▸ **Supplied material**:
= = = = =

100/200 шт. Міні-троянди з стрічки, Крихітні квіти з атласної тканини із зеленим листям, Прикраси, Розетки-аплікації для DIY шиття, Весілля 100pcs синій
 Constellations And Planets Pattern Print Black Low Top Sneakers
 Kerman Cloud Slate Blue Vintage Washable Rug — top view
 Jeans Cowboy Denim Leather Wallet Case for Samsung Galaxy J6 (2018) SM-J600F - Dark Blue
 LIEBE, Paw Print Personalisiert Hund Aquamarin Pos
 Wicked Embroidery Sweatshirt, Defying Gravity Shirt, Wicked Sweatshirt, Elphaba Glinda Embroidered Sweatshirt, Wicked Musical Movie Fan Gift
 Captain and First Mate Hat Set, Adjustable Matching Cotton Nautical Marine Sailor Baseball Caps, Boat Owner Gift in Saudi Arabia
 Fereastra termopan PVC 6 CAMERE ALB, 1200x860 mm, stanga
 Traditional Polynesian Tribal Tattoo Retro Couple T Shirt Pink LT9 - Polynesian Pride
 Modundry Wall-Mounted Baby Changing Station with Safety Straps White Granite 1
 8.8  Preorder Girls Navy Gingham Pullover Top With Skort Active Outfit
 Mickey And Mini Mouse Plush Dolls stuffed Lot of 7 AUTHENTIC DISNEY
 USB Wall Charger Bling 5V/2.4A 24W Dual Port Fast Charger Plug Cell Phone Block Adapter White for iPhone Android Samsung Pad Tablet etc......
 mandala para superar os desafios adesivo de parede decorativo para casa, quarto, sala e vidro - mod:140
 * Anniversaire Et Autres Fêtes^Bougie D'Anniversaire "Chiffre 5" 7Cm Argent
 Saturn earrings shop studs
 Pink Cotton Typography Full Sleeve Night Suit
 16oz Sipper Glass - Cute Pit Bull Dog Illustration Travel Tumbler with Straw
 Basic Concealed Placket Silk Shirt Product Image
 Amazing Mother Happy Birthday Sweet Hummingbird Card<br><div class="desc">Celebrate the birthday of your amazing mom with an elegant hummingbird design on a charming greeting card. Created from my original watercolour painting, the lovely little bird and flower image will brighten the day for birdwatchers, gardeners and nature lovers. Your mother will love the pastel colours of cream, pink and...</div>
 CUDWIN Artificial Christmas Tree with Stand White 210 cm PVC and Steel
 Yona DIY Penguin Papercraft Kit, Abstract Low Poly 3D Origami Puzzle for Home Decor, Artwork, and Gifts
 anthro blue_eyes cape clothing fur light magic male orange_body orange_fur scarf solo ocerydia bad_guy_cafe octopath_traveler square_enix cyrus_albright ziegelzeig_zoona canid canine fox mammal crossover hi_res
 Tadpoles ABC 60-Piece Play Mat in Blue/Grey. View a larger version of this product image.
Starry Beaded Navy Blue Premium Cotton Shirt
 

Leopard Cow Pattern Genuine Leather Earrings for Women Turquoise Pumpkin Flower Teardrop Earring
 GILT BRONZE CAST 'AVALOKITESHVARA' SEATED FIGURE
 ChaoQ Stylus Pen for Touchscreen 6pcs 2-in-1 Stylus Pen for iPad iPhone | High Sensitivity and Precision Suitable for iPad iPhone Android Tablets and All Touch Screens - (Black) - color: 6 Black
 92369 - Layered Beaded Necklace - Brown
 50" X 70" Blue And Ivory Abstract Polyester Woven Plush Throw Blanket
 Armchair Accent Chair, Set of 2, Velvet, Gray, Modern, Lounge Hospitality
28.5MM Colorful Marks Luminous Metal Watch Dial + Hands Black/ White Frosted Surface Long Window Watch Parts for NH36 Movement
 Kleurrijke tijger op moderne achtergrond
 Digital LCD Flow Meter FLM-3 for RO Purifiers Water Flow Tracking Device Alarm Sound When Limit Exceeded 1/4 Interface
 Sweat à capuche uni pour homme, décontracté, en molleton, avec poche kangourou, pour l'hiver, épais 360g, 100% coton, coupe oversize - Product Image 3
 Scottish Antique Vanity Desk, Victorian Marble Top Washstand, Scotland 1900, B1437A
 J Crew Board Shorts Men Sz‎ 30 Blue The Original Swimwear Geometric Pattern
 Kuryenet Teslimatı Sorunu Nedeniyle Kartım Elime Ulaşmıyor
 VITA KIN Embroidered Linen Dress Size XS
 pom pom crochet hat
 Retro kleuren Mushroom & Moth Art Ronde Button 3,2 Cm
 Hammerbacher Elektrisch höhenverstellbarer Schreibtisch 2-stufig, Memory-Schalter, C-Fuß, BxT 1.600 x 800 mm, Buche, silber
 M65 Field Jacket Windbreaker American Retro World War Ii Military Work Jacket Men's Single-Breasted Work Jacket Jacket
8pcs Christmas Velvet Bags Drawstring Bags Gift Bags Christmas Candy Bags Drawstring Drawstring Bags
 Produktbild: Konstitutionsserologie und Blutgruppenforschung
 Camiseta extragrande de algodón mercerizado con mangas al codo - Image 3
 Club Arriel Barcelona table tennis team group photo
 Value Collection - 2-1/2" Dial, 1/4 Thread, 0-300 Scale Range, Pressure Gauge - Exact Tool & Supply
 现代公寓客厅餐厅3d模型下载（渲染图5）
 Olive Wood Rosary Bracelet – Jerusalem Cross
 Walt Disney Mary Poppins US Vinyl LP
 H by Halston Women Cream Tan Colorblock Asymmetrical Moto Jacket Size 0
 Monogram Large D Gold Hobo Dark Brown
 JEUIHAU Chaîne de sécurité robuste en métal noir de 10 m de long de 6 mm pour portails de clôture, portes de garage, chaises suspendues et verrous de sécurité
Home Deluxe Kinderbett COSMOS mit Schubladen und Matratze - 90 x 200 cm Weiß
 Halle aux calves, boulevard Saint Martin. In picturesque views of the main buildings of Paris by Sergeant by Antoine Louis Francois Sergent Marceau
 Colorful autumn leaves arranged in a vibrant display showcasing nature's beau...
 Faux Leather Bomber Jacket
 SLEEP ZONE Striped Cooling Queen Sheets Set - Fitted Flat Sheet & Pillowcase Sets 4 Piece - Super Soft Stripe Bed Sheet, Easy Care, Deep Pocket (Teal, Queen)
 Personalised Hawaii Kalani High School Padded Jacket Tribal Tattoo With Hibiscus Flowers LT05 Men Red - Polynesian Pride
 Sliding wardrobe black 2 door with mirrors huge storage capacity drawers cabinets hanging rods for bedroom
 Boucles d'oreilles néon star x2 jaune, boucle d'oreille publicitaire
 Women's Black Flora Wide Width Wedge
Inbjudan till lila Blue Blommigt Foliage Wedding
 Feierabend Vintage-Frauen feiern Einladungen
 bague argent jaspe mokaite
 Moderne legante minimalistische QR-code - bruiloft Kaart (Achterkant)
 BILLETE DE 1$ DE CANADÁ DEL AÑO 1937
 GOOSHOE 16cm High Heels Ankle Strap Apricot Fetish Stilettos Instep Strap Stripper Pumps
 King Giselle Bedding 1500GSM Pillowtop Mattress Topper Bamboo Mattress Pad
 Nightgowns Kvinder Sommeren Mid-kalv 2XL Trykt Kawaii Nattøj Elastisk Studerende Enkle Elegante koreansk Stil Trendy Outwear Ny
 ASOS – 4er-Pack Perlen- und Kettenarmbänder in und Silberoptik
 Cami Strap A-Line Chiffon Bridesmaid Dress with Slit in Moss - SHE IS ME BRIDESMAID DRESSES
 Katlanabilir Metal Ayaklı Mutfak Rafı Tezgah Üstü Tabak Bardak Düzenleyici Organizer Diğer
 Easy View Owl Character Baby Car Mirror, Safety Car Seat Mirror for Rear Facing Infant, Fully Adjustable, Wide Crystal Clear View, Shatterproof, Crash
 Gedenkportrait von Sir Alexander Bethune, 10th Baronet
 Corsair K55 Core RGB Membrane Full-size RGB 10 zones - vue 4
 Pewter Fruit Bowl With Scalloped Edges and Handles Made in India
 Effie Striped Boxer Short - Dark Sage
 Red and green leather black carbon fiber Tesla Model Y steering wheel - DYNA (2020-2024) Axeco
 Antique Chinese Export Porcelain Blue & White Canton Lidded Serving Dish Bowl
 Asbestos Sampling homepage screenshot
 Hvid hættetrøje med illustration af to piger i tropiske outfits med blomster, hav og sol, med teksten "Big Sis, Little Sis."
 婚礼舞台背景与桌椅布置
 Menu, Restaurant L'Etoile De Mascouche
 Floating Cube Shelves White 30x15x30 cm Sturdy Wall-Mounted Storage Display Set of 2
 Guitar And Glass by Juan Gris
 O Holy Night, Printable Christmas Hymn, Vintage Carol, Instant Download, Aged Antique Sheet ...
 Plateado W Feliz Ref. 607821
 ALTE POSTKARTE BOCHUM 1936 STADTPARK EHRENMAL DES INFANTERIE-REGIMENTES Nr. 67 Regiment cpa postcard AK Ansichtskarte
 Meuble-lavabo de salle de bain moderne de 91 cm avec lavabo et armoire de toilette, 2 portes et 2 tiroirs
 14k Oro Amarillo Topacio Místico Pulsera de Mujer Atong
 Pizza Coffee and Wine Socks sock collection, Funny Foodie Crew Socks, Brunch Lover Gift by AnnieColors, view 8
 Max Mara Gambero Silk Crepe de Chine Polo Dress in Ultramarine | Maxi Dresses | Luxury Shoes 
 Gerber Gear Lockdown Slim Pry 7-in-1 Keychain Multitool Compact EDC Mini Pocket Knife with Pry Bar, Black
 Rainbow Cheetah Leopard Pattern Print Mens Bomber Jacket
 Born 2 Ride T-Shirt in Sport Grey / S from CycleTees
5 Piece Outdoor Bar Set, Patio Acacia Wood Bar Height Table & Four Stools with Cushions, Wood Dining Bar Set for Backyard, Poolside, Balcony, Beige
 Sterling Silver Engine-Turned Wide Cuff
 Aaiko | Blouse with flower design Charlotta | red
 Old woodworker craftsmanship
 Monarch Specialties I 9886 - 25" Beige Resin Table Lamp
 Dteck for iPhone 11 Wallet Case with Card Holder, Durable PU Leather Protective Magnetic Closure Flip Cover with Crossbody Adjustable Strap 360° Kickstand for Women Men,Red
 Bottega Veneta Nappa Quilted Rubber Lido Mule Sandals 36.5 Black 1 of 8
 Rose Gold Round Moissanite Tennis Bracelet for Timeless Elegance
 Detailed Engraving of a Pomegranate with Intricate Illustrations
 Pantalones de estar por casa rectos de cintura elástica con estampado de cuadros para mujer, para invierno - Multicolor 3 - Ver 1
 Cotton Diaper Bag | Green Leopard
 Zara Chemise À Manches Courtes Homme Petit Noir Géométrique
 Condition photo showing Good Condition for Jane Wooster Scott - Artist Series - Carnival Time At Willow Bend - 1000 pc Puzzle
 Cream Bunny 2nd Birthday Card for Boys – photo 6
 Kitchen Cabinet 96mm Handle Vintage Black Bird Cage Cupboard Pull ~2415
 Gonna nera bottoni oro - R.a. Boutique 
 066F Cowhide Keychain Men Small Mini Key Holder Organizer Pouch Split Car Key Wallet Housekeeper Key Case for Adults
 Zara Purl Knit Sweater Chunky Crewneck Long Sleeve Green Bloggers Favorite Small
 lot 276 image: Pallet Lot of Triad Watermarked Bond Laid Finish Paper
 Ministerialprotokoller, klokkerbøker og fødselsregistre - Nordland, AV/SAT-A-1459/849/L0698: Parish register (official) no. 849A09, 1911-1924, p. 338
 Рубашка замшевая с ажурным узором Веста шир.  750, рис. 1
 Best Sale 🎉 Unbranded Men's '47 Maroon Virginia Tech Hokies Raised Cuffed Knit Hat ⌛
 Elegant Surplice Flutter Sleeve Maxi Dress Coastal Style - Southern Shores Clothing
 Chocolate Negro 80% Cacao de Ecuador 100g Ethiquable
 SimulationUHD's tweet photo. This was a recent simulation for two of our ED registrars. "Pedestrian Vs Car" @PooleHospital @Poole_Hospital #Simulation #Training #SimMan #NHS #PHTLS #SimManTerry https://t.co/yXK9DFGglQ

= = = = =

Copy out, in full, each line above that has the word "Sheet" in it.

▸ **The completed task**:
 SLEEP ZONE Striped Cooling Queen Sheets Set - Fitted Flat Sheet & Pillowcase Sets 4 Piece - Super Soft Stripe Bed Sheet, Easy Care, Deep Pocket (Teal, Queen)
 O Holy Night, Printable Christmas Hymn, Vintage Carol, Instant Download, Aged Antique Sheet ...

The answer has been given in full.